Although he is now a Roman Catholic priest in Paris, Lepp has the credentials to explain the mind of the atheist: he was one himself for 27 years, and a Communist to boot. Born into a family of freethinkers, he joined the party at the age of 15 and unquestioningly assumed that religion was an enemy of social progress: "Since all my teachers were professed atheists, I considered myself to be one also." So long as he was striving for a Communist future, Lepp says, "I felt no need of God." He acquired degrees in medicine and philosophy (and even now, putting aside his cassock, practices psychotherapy). Lepp broke with the party after the Moscow trials of 1937, and eventually, a "metaphysical anxiety" drove him to question the meaning of life. In that psychological mood, he had his first encounter with the Christian message.
The new atheism, says Lepp, does not bother to debate with Christianity. It self-confidently proclaims the death of God and man's freedom from supernatural authority and seeks to build "a radically 'natural' civilization, without reference to any kind of transcendence." There are probably as many kinds of atheism as there are atheists, but Lepp's major classifications are:
sb NEUROTIC. Some modern atheists are unquestionably neurotics -- typically, the young idealist whose religious fervor turns into bitter anticlericalism after an unhappy experience in a seminary. Lepp has found that psychology can help cure such atheists of their emotional hostility toward religion, but will not affect their unbelief. "It is not in the psychologist's power either to give or to destroy faith," he warns. "This belongs to a metapsychical domain which the theologians call grace." Atheists by and large, he says, are not particularly neurotic.
sb MARXIST. Lepp stresses that unbelief is not a detachable corollary of Karl Marx's economic system, but logically follows from the Communist view that man must perfect himself and society by his own acts. To the true Marxist, belief in the existence of the supernatural is an "objective lie."
sb RATIONALIST. Lepp has considerably more respect and sympathy for the kind of atheism espoused by many modern scientists who deny the existence of God after making a reasoned study of the universe; he sees that "rational agnosticism is connatural to certain very positivistic forms of intelligence."
sb EXISTENTIAL. The atheism of French Philosopher Jean-Paul Sartre sees God as merely a projection of the human psyche. Whether God exists or not, Sartre believes, changes nothing in the concrete condition of man. But Sartre "must be pained to see some of the results of his cogitations" in the put-on atheism of Left Bank beatniks.
sbSPIRITUAL. The atheism that most directly challenges Christianity deserts faith in God for what it believes to be higher spiritual values. To Friedrich Nietzsche, the Christian teaching that good men would receive their reward from God in an eternity of happiness in heaven tended to destroy man's will to power, and exalted the meek and humble losers of life instead of world-conquering supermen. Albert Camus searched Christian theology in vain for the fulfillment of man's fate, found more satisfactory standards in his own tragic ponderings on human responsibility and solidarity.
Lepp believes that the Christian understanding of God and his message has been considerably purified within the last century, thanks in large measure to criticisms leveled by atheists and agnostics.
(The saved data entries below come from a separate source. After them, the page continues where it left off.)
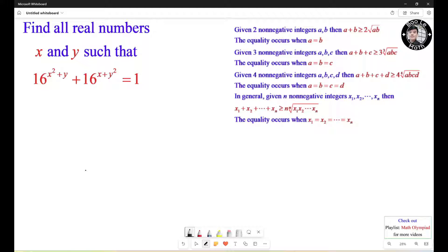Hello everyone. In this video, we're going to learn how to solve this math algorithmic problem. We need to find all real numbers x and y such that 16 to the x squared plus y, plus 16 to the x plus y squared, equals 1.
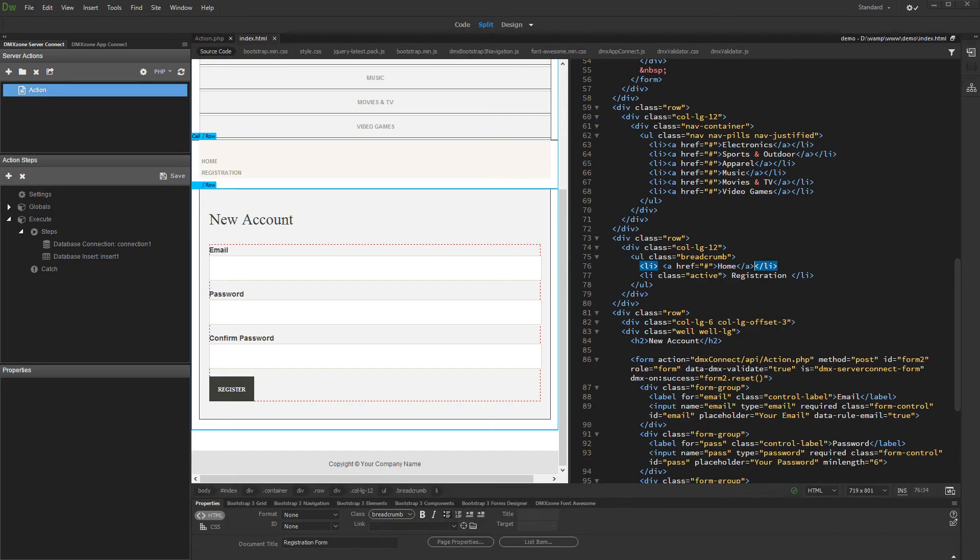Hi, with this movie we will show you how to check if a record already exists in your database using App Connect Form Validator.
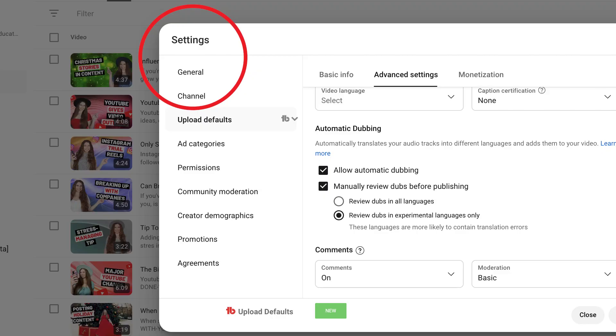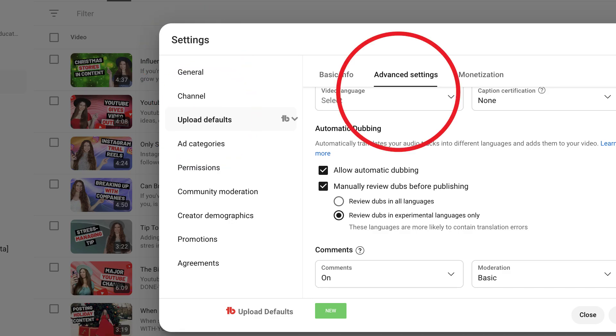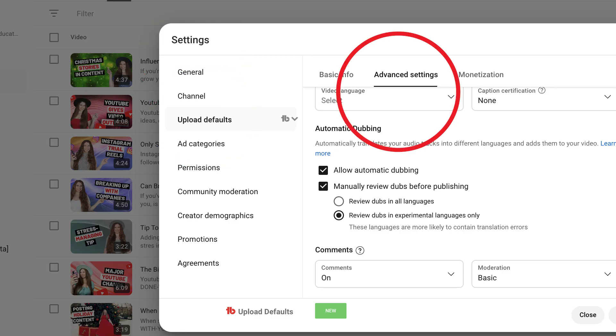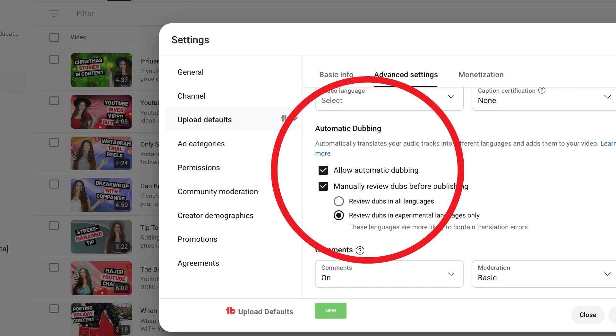This is especially helpful if you're creating educational content. Inside of your YouTube Studio, if you want to turn this on, go to Settings, then Upload Defaults, then Advanced Settings. You'll then be able to click or unclick 'Allow automatic dubbing,' and then hit the Save button.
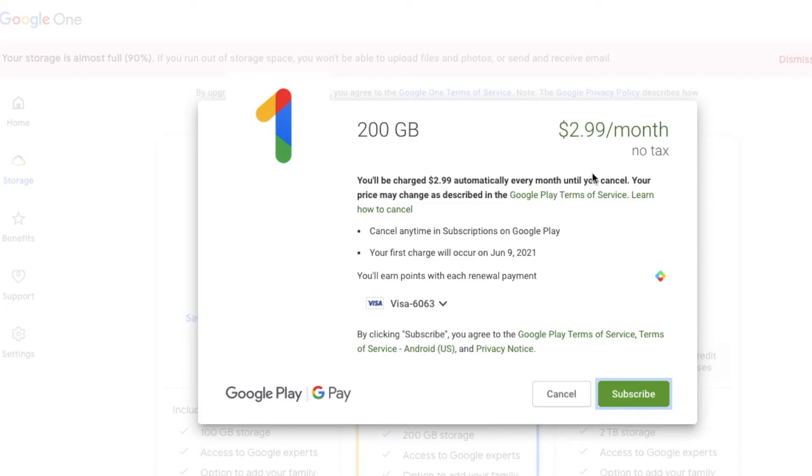You can again see that there's no tax on this and that it will come off of the card that I have associated with Google. I'm going to go ahead and click the subscribe button.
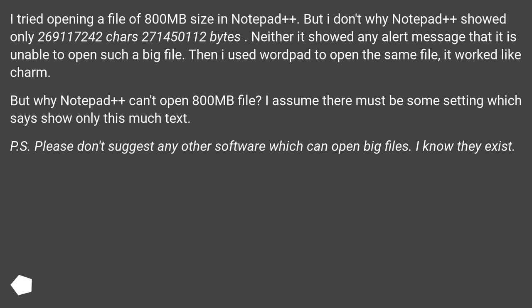Then I used WordPad to open the same file. It worked like a charm. But why can't Notepad++ open an 800MB file? I assume there must be some setting which says show only this much text.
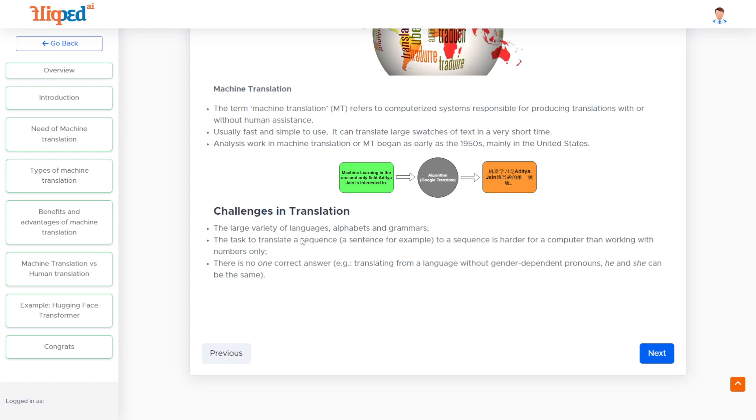Some of the challenges we face in machine translation are there is a very large variety of languages, alphabets, and grammars. Each kind of language has its own grammar, alphabets, writing style, and vocabulary.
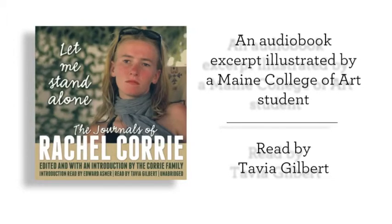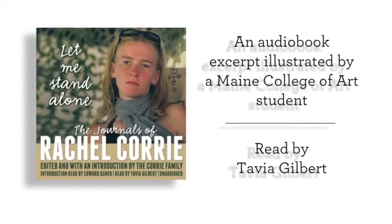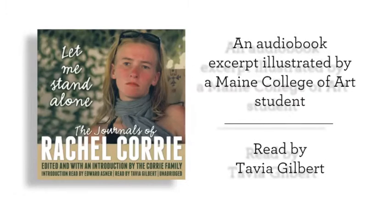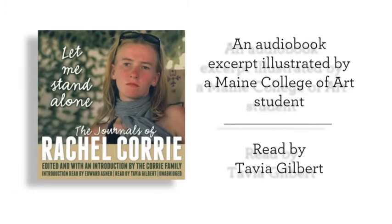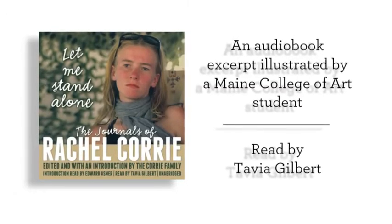An excerpt from the audiobook of Let Me Stand Alone, The Journals of Rachel Corrie, read by Tavia Gilbert.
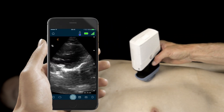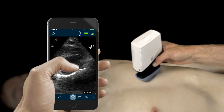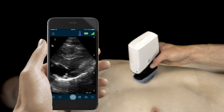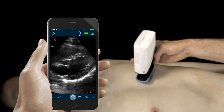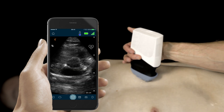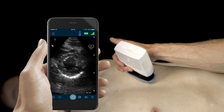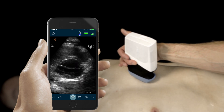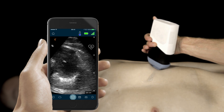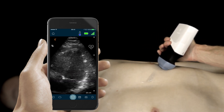To generate our parasternal long axis view, we'll start in the precordium with the scanner indicator pointed towards the patient's right shoulder. From here, we can turn the scanner 90 degrees to generate our parasternal short axis view, fanning through the short axis view, and finally sliding the scanner towards the apex to generate our apical four-chamber view.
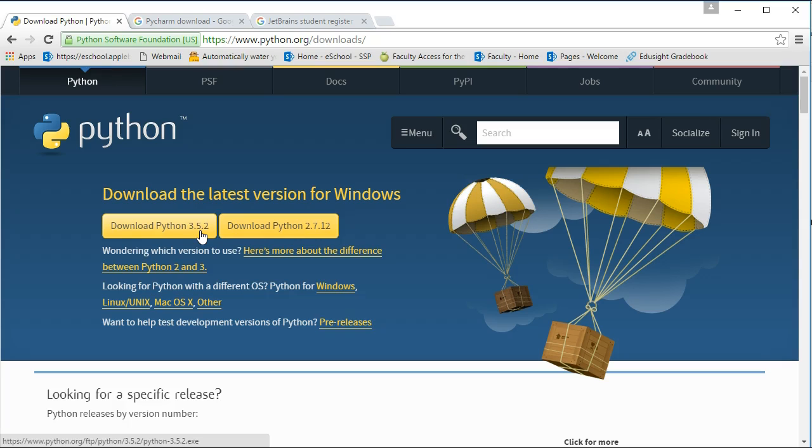There are two versions of Python: Python 2 and Python 3. We're going to download Python 3. Python 2 and Python 3 are different, and it's important to recognize that.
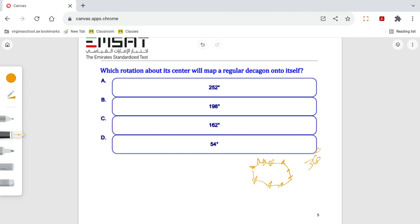This is the center of the regular decagon. So starting from this point and rotated one by one.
Intelligent Christians know, says Lepp, that the task of purification is in complete, and that the essential spiritual message of Christian revelation must be untangled from its past historical and social contexts. For it is only if Christianity is made relevant to the needs of the time "that fruitful dialogue can be established between believers and unbelievers, to the mutual benefit of each, and that the historical efficacy of Christianity can be safeguarded."